Back in 1985 when the Amiga was first released, the HAM (Hold And Modify) screenmode was revolutionary. It allowed 4096 colours to be displayed simultaneously, meaning near true-colour images could be displayed while only using the amount of memory that a normal 64-colour screen would use.
HAM does have its disadvantages, though – while a regular bitplane image can be faded out very easily by simply fading the palette, this trick doesn’t work for HAM images.
Fading out a HAM image can be done, however, using the Blitter.
This AMOSPro program uses some “evil” trickery to fade a HAM image to black, using the Screen Copy command with blitter modes, peeks and pokes to shuffle bitplanes around between screens, and what amounts to a ShadeBOB routine over the entire screen.
Step by step, the theory of operation is something like this:
- Logical OR the two control planes together to make a mask plane.

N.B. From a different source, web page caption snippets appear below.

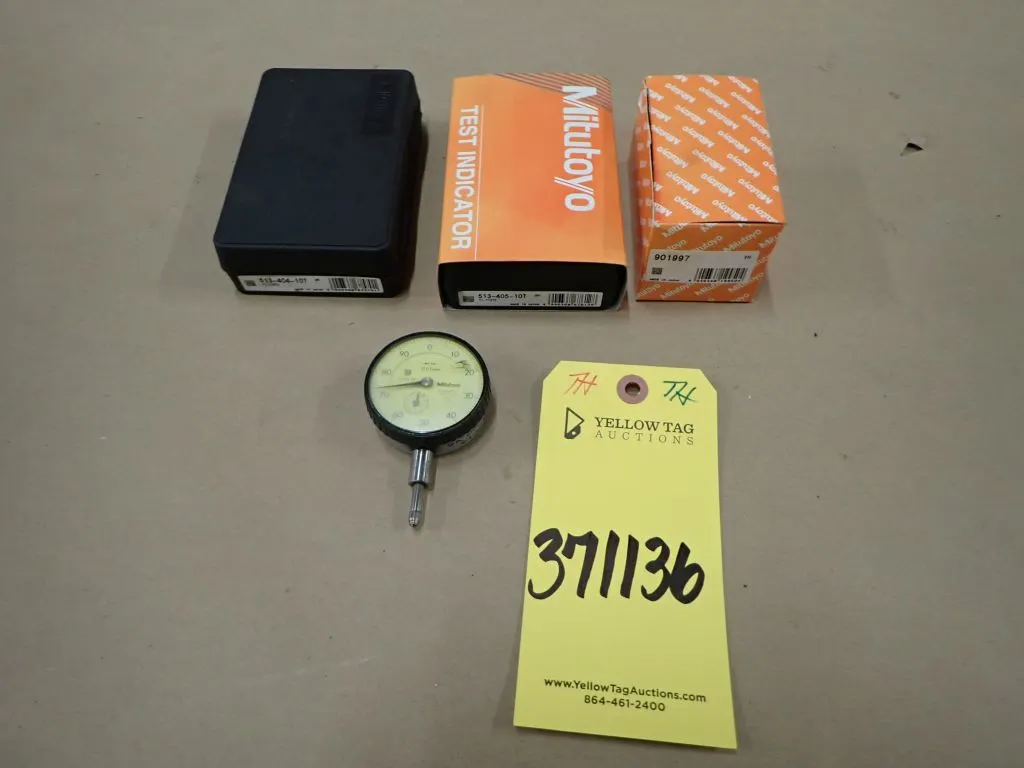 Lot of (4) Assorted Mitutoyo Testing and Measurement Tools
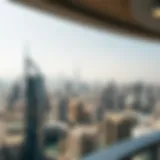 A panoramic view of Dubai's skyline showcasing modern architecture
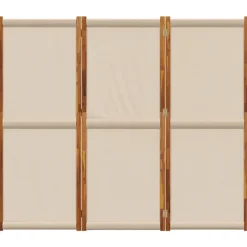 vidaXL Divisores De Ambientes-Biombo divisor de 3 paneles gris taupe 210x180 cm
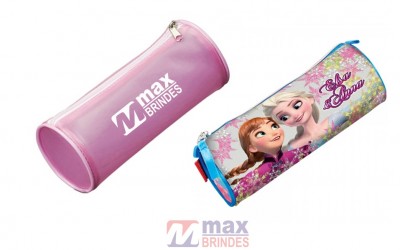 Estojo em Lona - Tam.: 22 x 8 cm.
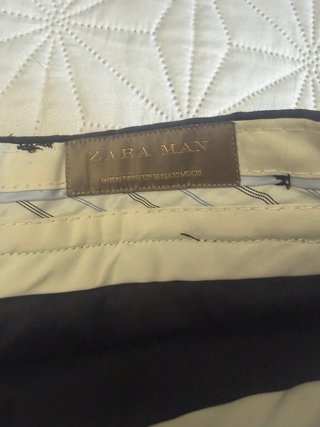 Zara Man Bermudas Negras Talla 38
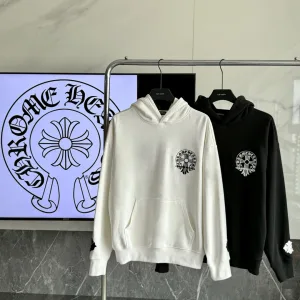 Designer Chrome Hearts Hoodie Ash Cotton Silk Street Style Understated Luxury High-End Embroidery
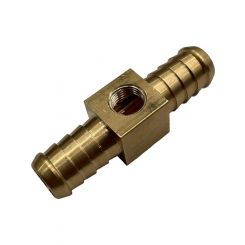 TFI Racing Brass Branch Hose Tee 1/2" 12.7mm to 1/4" 11.2mm Female NPT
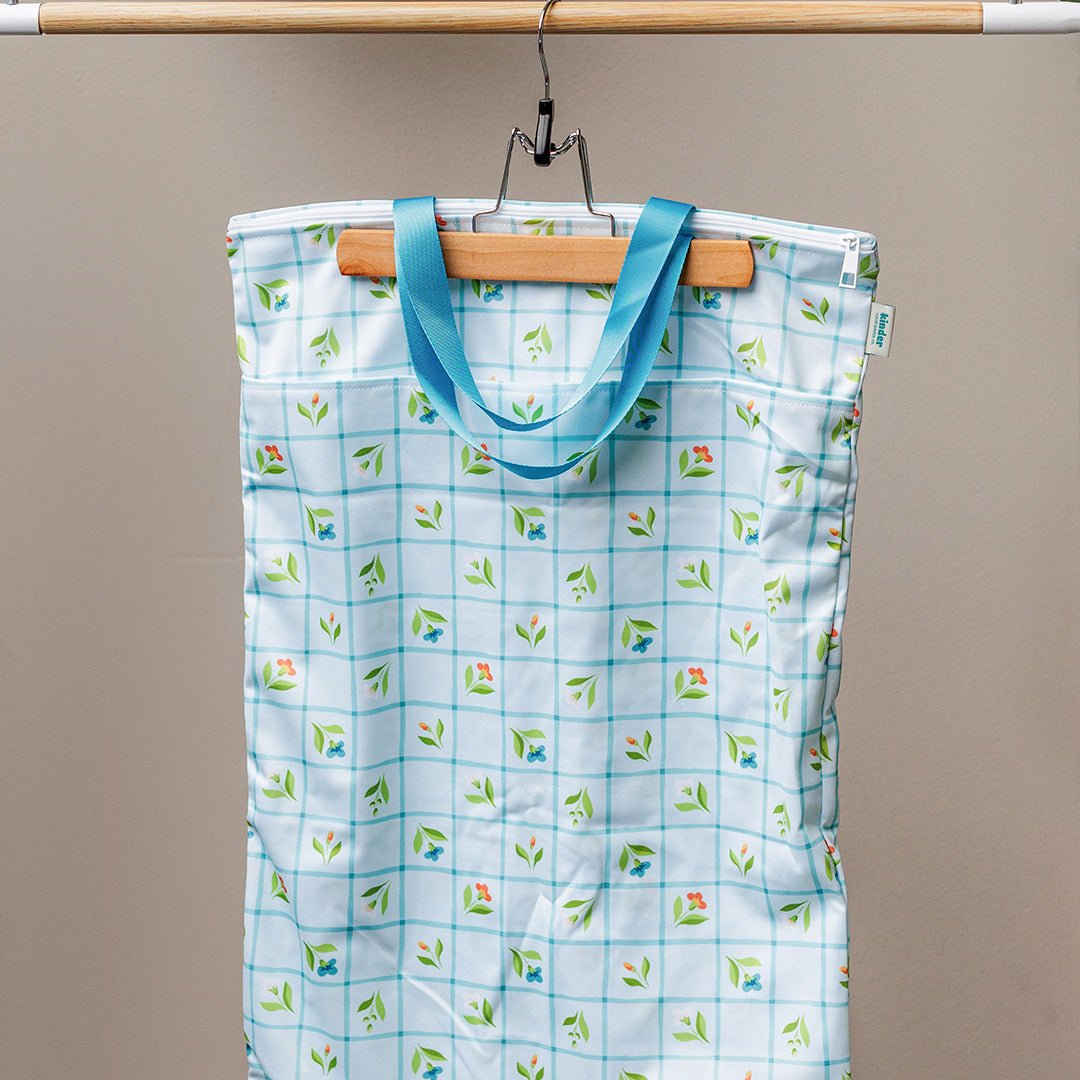 Isla Floral - Modern - Cloth - Diapers - Wet Bag - Kinder Cloth Diaper Co. - Pittsburgh - Based - Small - Business - Woman - Owned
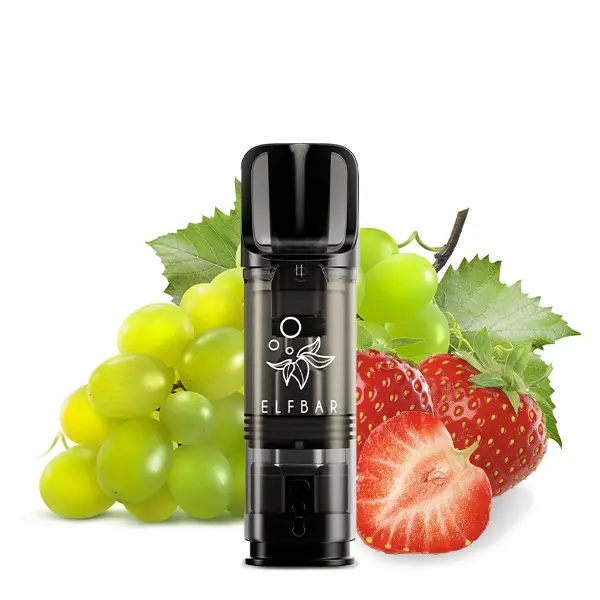 Elfbar Elfa Prefilled Pod Strawberry Grape – schwarzes Pod mit Erdbeere und grünen Weintrauben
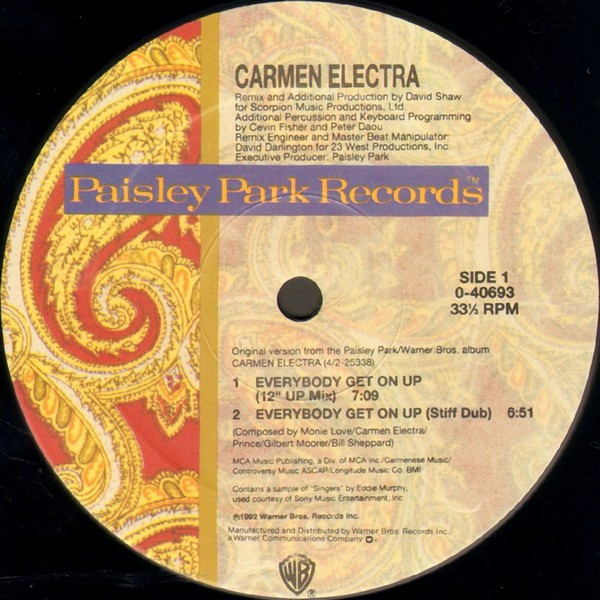 Carmen Electra - Everybody Get On Up | Paisley Park (9 40693-0) - 3 Carmen Electra - Everybody Get On Up | Paisley Park (9 40693-0) - 3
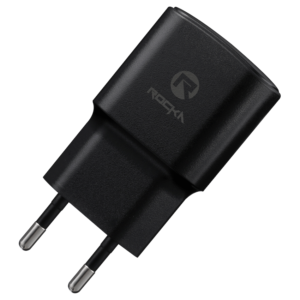 Rocka Recharge-M series 2A Wall Charger with Micro USB cable - black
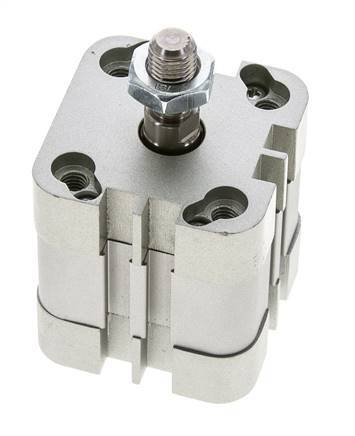 ISO 21287 Compact Double Acting Cylinder 32-10mm - Magnetic - Male Rod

This mask plane is “0” wherever pixels use the base palette, and “1” wherever a direct R, G or B level is being specified.
- Use the mask plane to perform binary subtraction on the four data planes, using another spare plane to hold carry data.
- Check for overflow, and zero the image wherever overflow has occurred.
This is done simultaneously with fading out the palette, and the end result is quite a nice fade-out of a HAM image.